Material for this task section start
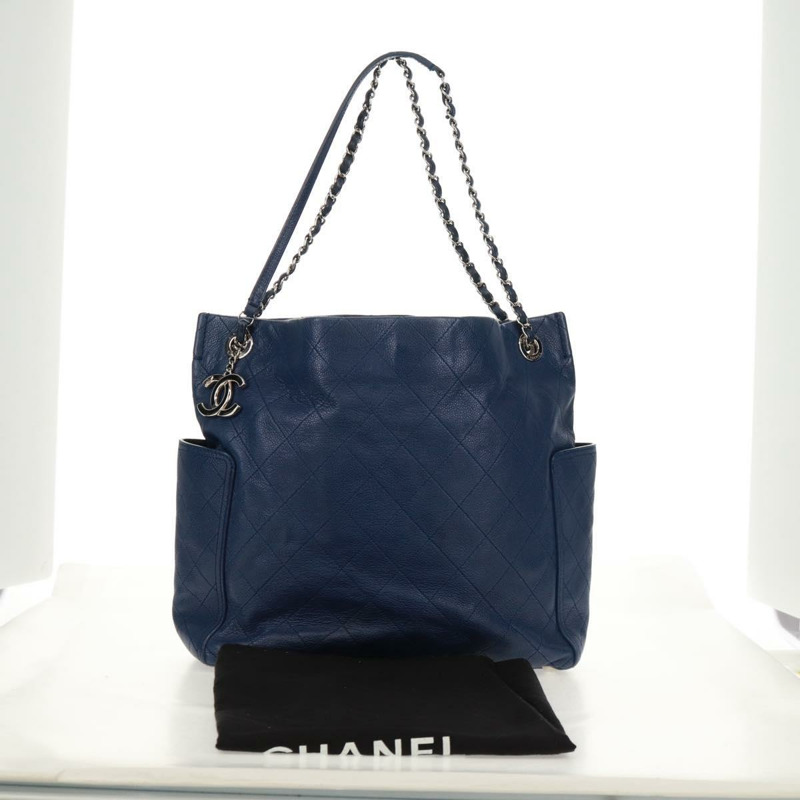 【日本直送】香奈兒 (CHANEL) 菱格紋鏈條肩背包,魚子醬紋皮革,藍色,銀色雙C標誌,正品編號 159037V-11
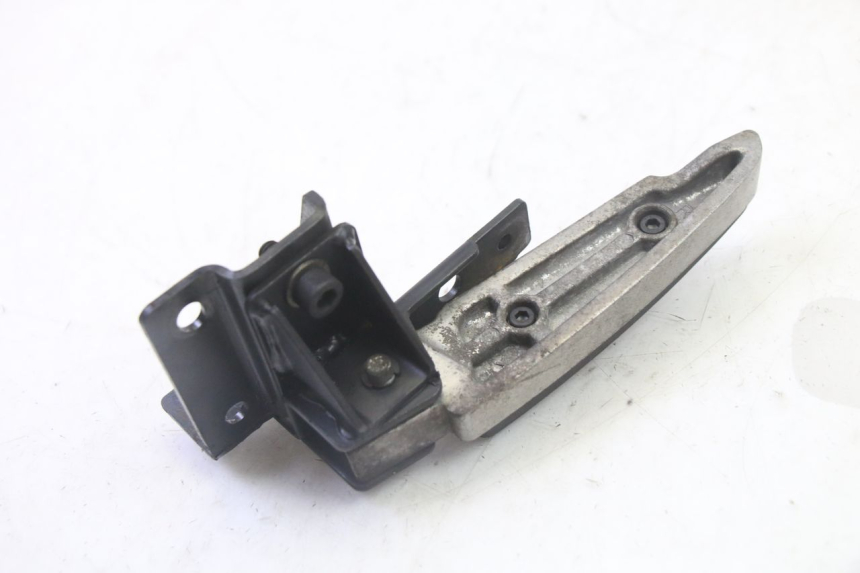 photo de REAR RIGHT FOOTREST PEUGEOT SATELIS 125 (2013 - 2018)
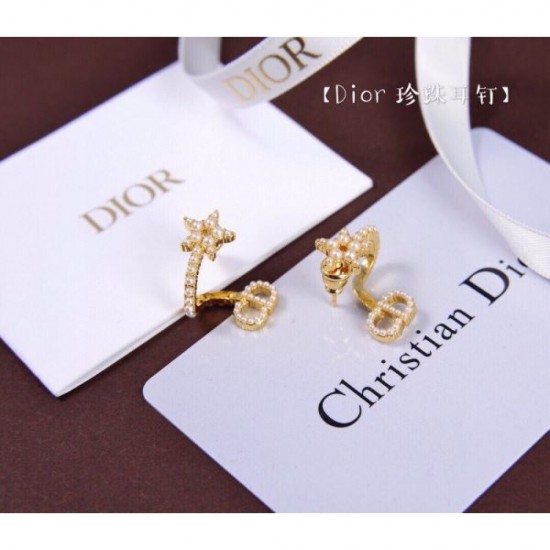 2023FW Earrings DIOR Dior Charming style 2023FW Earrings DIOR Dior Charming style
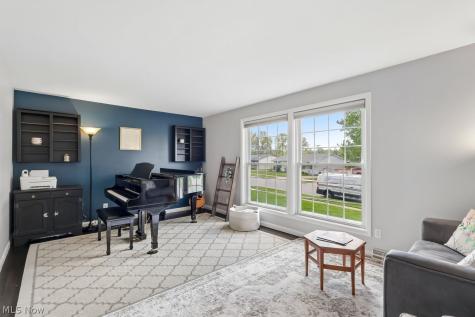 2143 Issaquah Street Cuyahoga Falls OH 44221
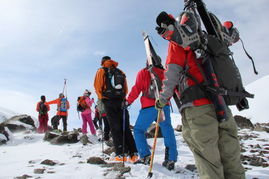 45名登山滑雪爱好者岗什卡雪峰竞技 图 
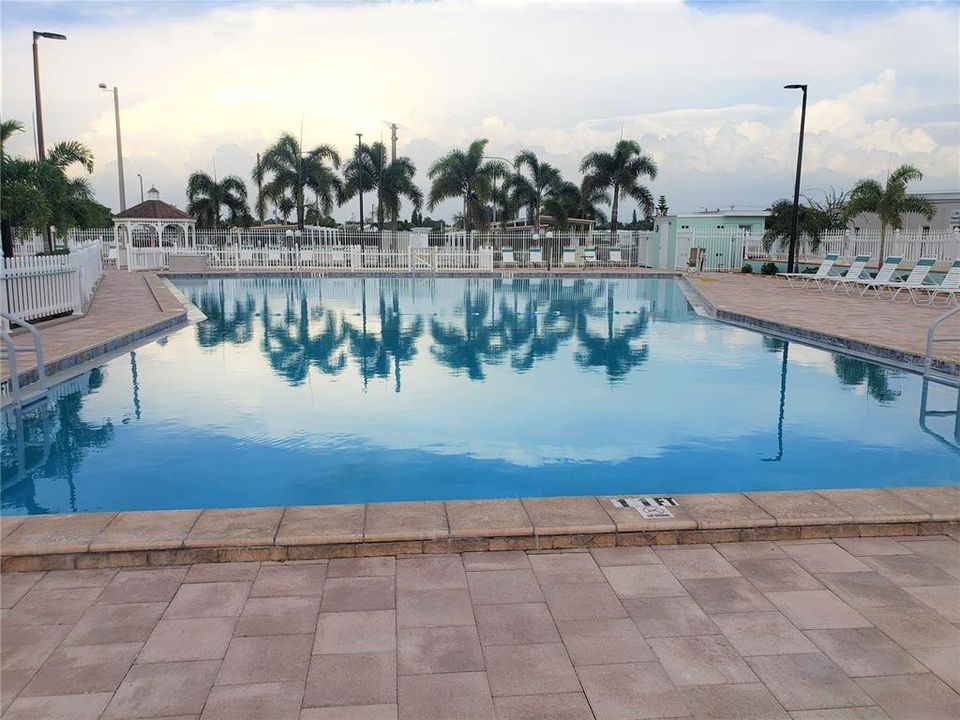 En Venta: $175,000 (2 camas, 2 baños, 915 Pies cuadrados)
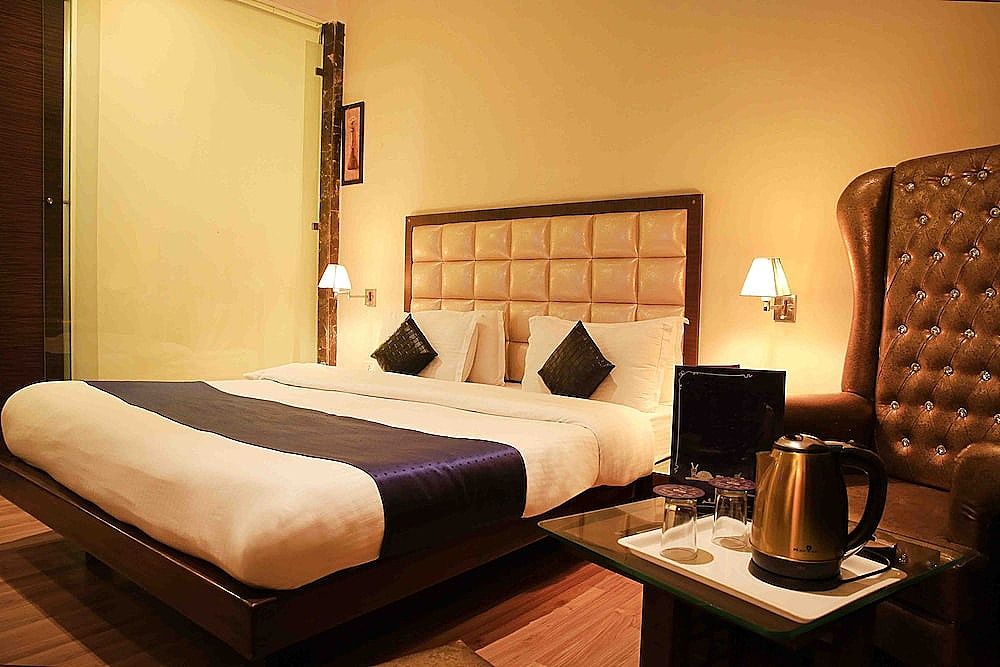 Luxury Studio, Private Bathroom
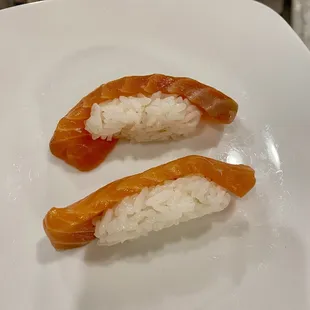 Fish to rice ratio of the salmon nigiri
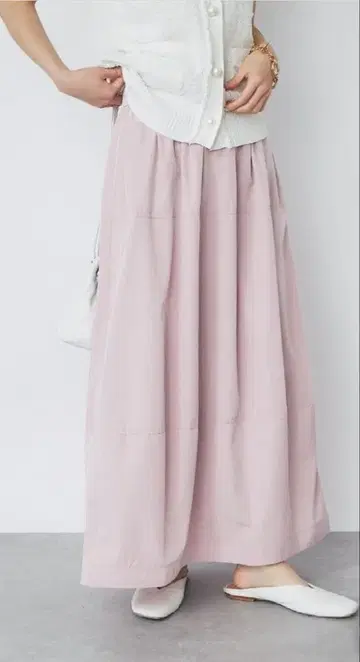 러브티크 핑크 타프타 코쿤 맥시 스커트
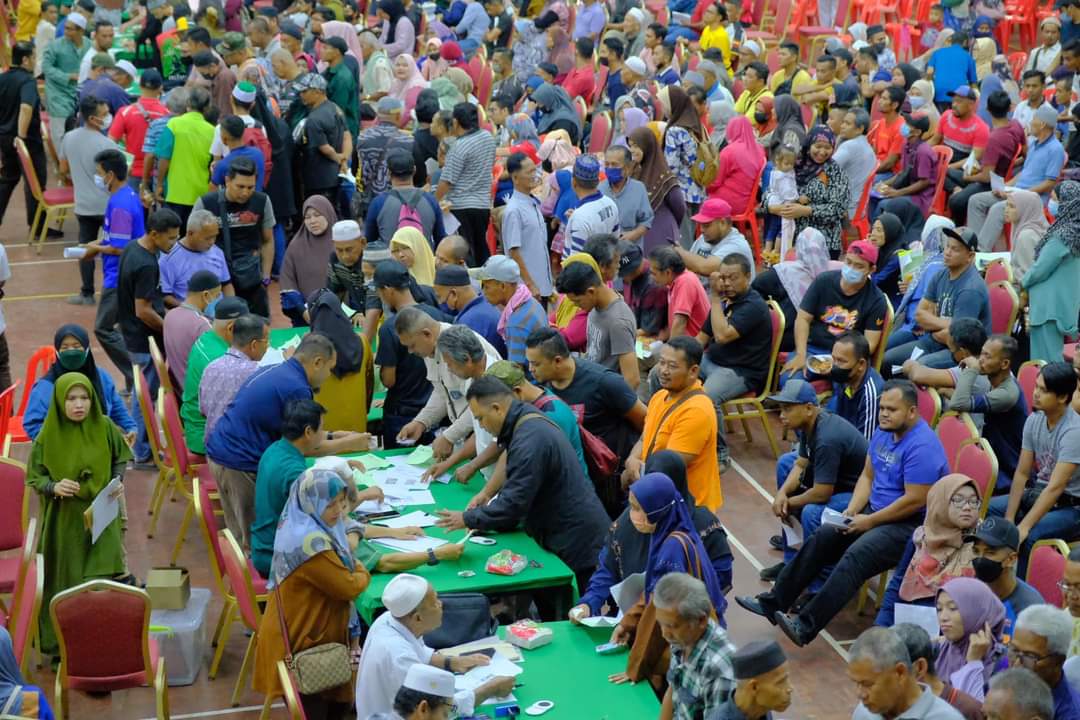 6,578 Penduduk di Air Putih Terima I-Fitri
Material for this task section end
Material for this task section start
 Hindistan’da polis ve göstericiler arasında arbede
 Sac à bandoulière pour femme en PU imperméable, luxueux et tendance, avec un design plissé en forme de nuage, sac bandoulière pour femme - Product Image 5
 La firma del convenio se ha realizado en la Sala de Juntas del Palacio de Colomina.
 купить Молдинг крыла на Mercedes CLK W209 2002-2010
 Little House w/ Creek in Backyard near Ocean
Material for this task section end
**Action item**
Output exactly those lines of the data above that run from the line with "photo de REAR" up to and including the line with "6,578 Penduduk di Air Putih Terima I-Fitri". No pictures go in.

**Answer for this exercise**
 photo de REAR RIGHT FOOTREST PEUGEOT SATELIS 125 (2013 - 2018)
 2023FW Earrings DIOR Dior Charming style 2023FW Earrings DIOR Dior Charming style
 2143 Issaquah Street Cuyahoga Falls OH 44221
 45名登山滑雪爱好者岗什卡雪峰竞技 图 
 En Venta: $175,000 (2 camas, 2 baños, 915 Pies cuadrados)
 Luxury Studio, Private Bathroom
 Fish to rice ratio of the salmon nigiri
 러브티크 핑크 타프타 코쿤 맥시 스커트
 6,578 Penduduk di Air Putih Terima I-Fitri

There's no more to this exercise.